→ **What the task requires**:
Within the records below, find the line with "5-Tier Wooden Flute" and the line with "Black Faux Fur Coat", then reproduce exactly those two lines and all lines between them, without any picture.

::: Supplied entries :::

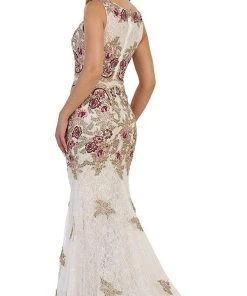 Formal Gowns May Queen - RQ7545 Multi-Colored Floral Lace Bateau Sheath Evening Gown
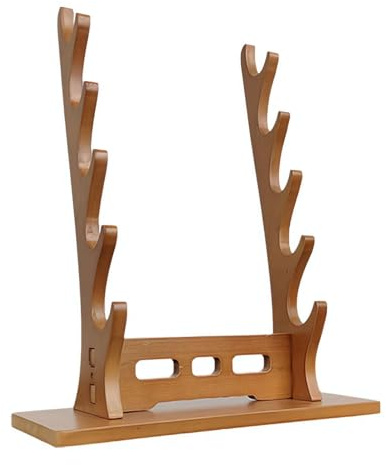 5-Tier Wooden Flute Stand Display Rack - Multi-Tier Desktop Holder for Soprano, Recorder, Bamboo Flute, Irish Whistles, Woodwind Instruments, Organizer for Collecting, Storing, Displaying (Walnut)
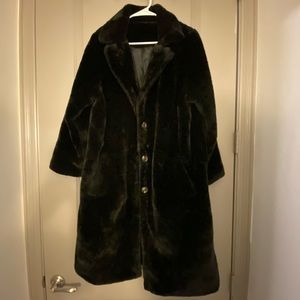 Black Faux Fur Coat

:::
::: Supplied entries :::

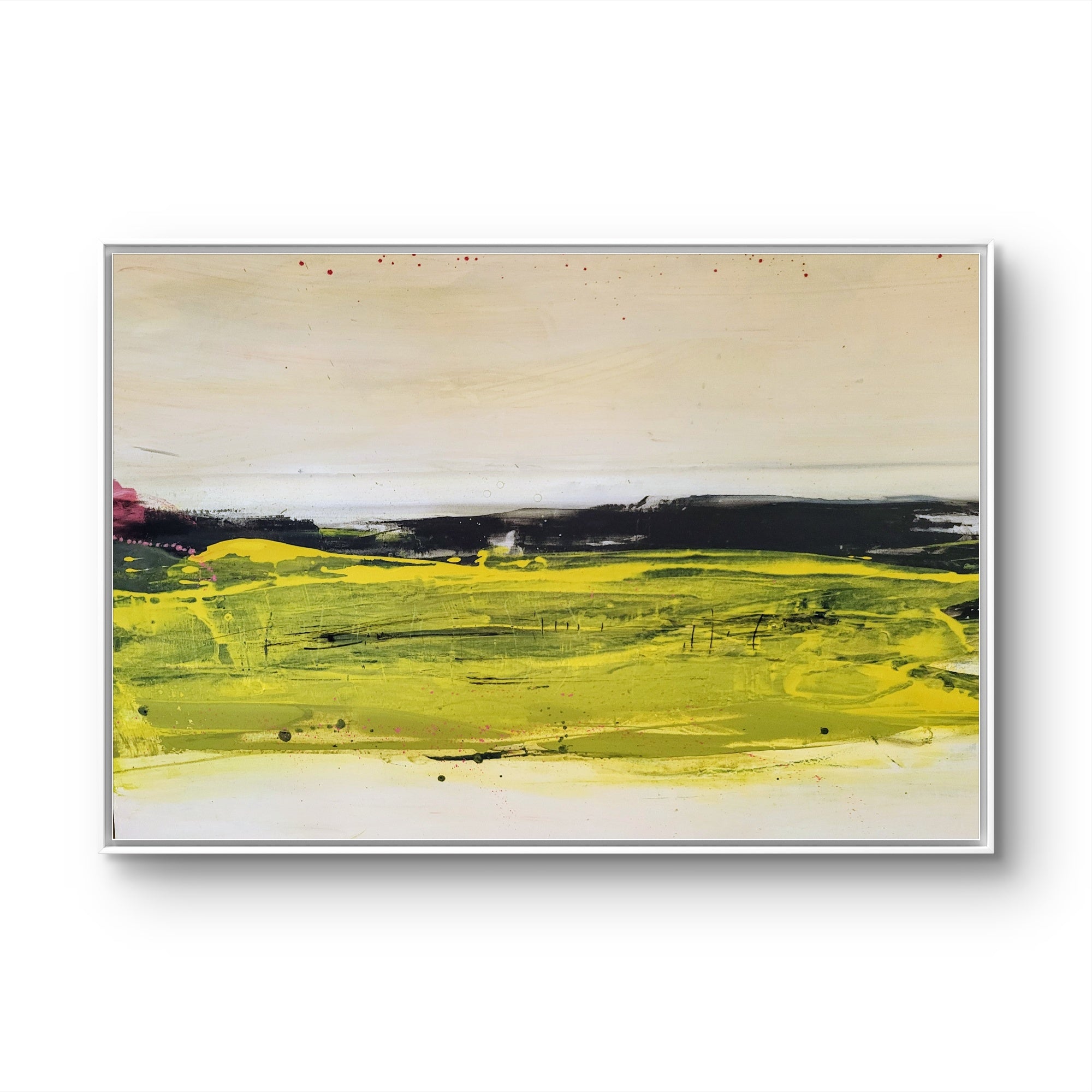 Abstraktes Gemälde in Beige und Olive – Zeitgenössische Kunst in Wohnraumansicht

:::
::: Supplied entries :::

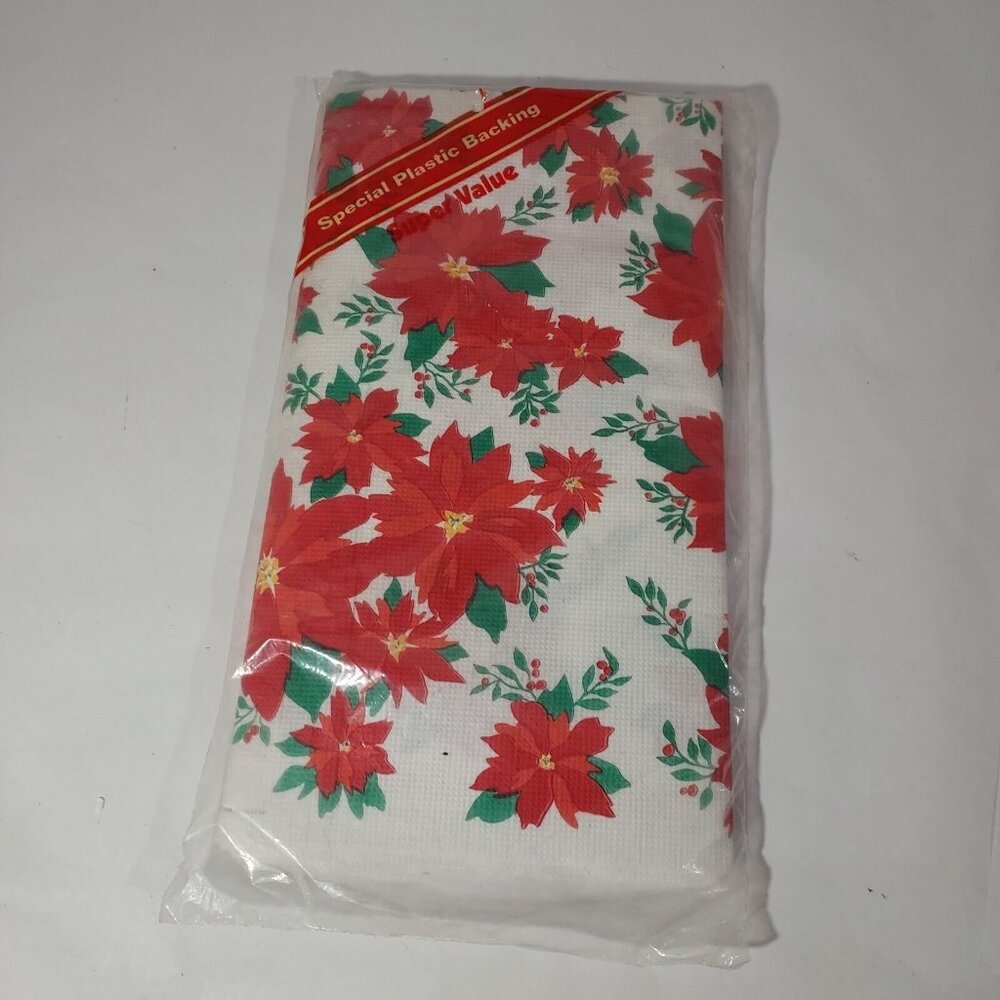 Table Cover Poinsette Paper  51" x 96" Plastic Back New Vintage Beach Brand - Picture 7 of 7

:::

→ **Written reply**:
 5-Tier Wooden Flute Stand Display Rack - Multi-Tier Desktop Holder for Soprano, Recorder, Bamboo Flute, Irish Whistles, Woodwind Instruments, Organizer for Collecting, Storing, Displaying (Walnut)
 Black Faux Fur Coat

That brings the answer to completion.